He observed that Maliki and Hanafi schools of thought accepted mursal and munkati traditions. Therefore, there are some shortcomings appear in their discourses. Most of those traditions are baseless, even some of those are contradictory with authentic traditions. Thus Imam Al-Shafi denied accepting unconditionally any mursal tradition.

He observed that his predecessors did not set any consistent rule for reconciliation of apparently contradictory evidences following of which might secure Ijtihad from errors[13]. Therefore, Imam Al-Shafi gave particular attention on that subject in his work.

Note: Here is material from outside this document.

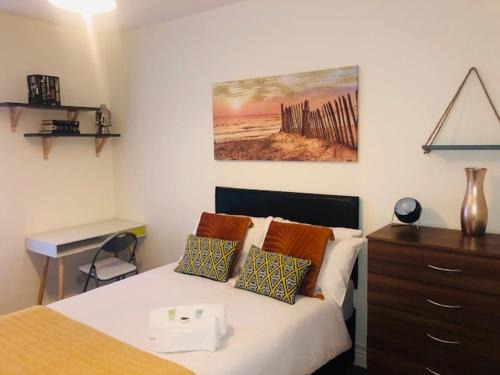 Crewe House | Budget Rooms @ Underwood Lane Crewe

He saw that some authentic Hadiths were not known to the Tabein jurists, therefore, their Ijtihad often contradicted with authentic Hadiths. However, even when the later jurists came to know  the authentic hadiths which is contradictory with the fatawas of early jurists, they did not abandon the fatawas of their predecessors, arguing that those traditions are contradictory with their Madhhab, there must be some shortcomings of those for that those were rejected by their predecessors. In response of that, Al-Shafi argues that we should follow the principles of our predecessors rather than blindly imitating them. Their principle was whenever they faced a new issue they used to looking for traditions regarding that, if they did not find any tradition then they would accept other kinds of sources and logics. However, they never closed the gate of accepting Hadiths for them, rather if they came to know any Hadith which contradicts their Ijtihad bil ray, they used to abandon that and follow the Hadith. Therefore, Al-Shafi argues that unless they explicitly describe shortcomings of a Hadith it would not be fare to assume that they did not accept that because of some faults of that.

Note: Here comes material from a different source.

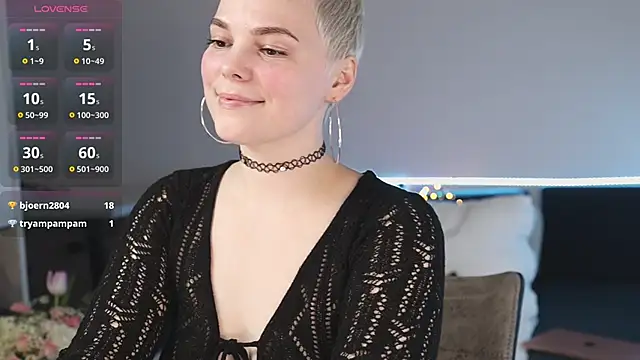 LikaBerry1 online show from 02/10/25, 08:10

During the time of Shafi almost all statements of Shahabis (Athars) was compiled. He observed that those are vastly self contradictory. He analyzed those and found that a large number of those are contradictory with authentic traditions. The reason of that is those traditions were unknown to them. He farther observed that in that situation the early jurists used to abandon the athars and follow the authentic Hadith. Al-Shafi followed the same principle. He said that Shabis were human being and we are also human being.

He observed that some jurists are mixing up ray with qias, whereas Shariah forbids ray and legitimizes qias. He says that he means by ray considering a corrupted or logic based speculation or assumption as the basis of a rule of Shariah and according to him qias is reasoning the hukum of an issue which exists in the text and on the basis of that settling the hukums of other issues. He completely rejected ray and says about istihsan, which is to him one kind of ray that who he do istihsan, wants to be lawgiver.[14]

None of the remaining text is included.